Chapter 2: Key Takeaways

  1. The relational model separates logic from physics. Codd's central insight was that the logical view of data (tables, rows, columns) should be independent of its physical storage. This gives you physical data independence — you can reorganize storage, add indexes, or repartition data without changing any SQL or application code. DB2 embodies this principle through its optimizer, which determines execution plans so you describe what you want, not how to get it.

  2. Tables, rows, and columns map to relations, tuples, and attributes. These formal terms are not academic trivia — they appear in DB2 documentation, error messages, and technical discussions. Know all three vocabularies: formal (relational theory), informal (common usage), and SQL/DB2 terminology.

  3. Every table needs a primary key. A primary key uniquely identifies each row and is the foundation of referential integrity. Use surrogate keys (system-generated integers) as primary keys for stability and performance, and enforce natural key uniqueness (SSN, account number, branch code) with UNIQUE constraints.

  4. Foreign keys enforce referential integrity — the most important constraint in a relational database. A foreign key guarantees that every reference from one table to another is valid, preventing orphan rows. At Meridian Bank, this means every account points to a real customer and a real branch. Enforce it in the database, not in the application, because the database is the only layer that applies universally and atomically.

  5. Choose data types deliberately. Use DECIMAL for money (never DOUBLE or REAL). Use CHAR for fixed-length codes and VARCHAR for variable-length text. Use TIMESTAMP(6) for audit columns. Use SMALLINT with CHECK constraints for boolean flags to maintain cross-platform compatibility between DB2 for z/OS and DB2 for LUW.

  6. Normalization to 3NF prevents update, insert, and delete anomalies. First Normal Form eliminates multi-valued columns. Second Normal Form eliminates partial dependencies. Third Normal Form eliminates transitive dependencies. Each normal form addresses a specific category of data redundancy and its associated corruption risks. Aim for 3NF as your baseline — it is the standard target for enterprise database design.

  7. Denormalize only with evidence, never prophylactically. Denormalization trades data integrity risk for query performance. It is justified when you have measured performance data showing a problem, when less invasive solutions (indexes, MQTs, query rewriting) are insufficient, and when you have a reliable mechanism to maintain consistency. Always document what you denormalized, why, and how consistency is maintained.

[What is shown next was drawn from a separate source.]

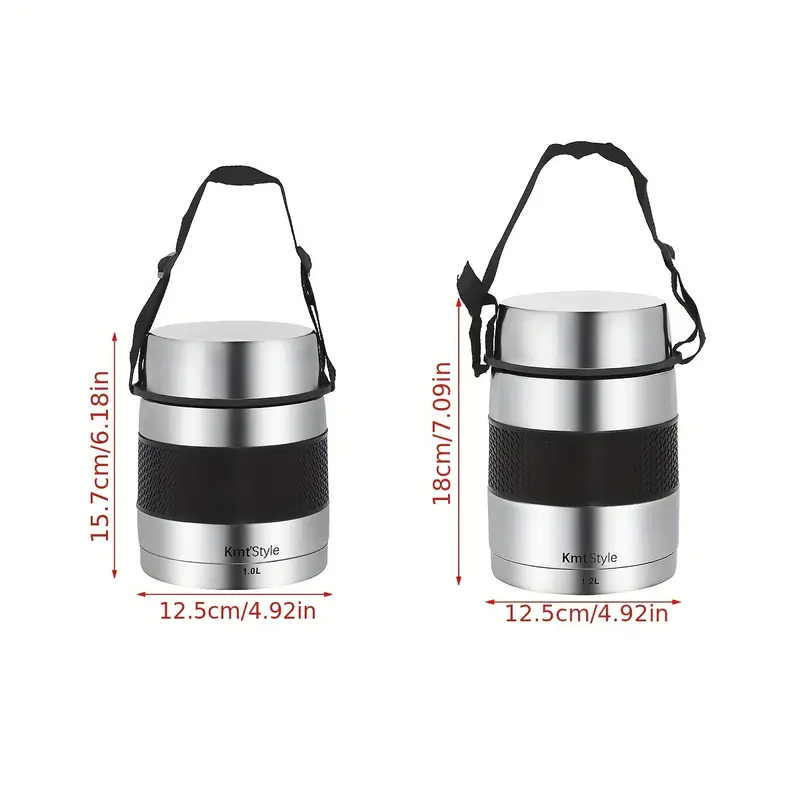 Kmt Stainless Steel Insulated Lunch Box Large Capacity Bento - Temu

  8. Relational algebra gives you mental models for SQL. SELECT (restriction) filters rows, PROJECT (projection) filters columns, JOIN combines tables. Understanding these operations helps you reason about query behavior, predict performance, and avoid pitfalls like accidental Cartesian products.

  9. Constraints are not overhead — they are insurance. NOT NULL, UNIQUE, CHECK, and FOREIGN KEY constraints cost microseconds per operation but prevent data corruption that can cost millions to remediate. Enforce business rules in the database layer where they apply universally, not in the application layer where they can be bypassed by bugs, race conditions, or new applications.

  10. Design with the DB2 catalog in mind. DB2 stores all metadata — table definitions, column definitions, constraints, statistics — in its own relational catalog tables. You can query SYSCAT views (LUW) or SYSIBM tables (z/OS) with standard SQL. This is Codd's Rule 4 in action, and it is one of DB2's great strengths for administration and automation.

  11. The Meridian Bank core schema (BRANCH, CUSTOMER, ACCOUNT) is your working laboratory. These three tables, designed in 3NF with surrogate keys, foreign keys, CHECK constraints, and consistent naming conventions, will be the foundation for every SQL example, performance exercise, and architecture discussion in the chapters ahead. Understand their design deeply — every choice was intentional.

  12. Good data modeling is an investment, not a cost. The NorthStar case study shows that shortcuts in data modeling compound over time into expensive remediation projects. The GPRH case study shows that disciplined normalization enables regulatory compliance, data quality, and even clinical safety. At Meridian Bank — handling millions of dollars daily — the stakes are just as high.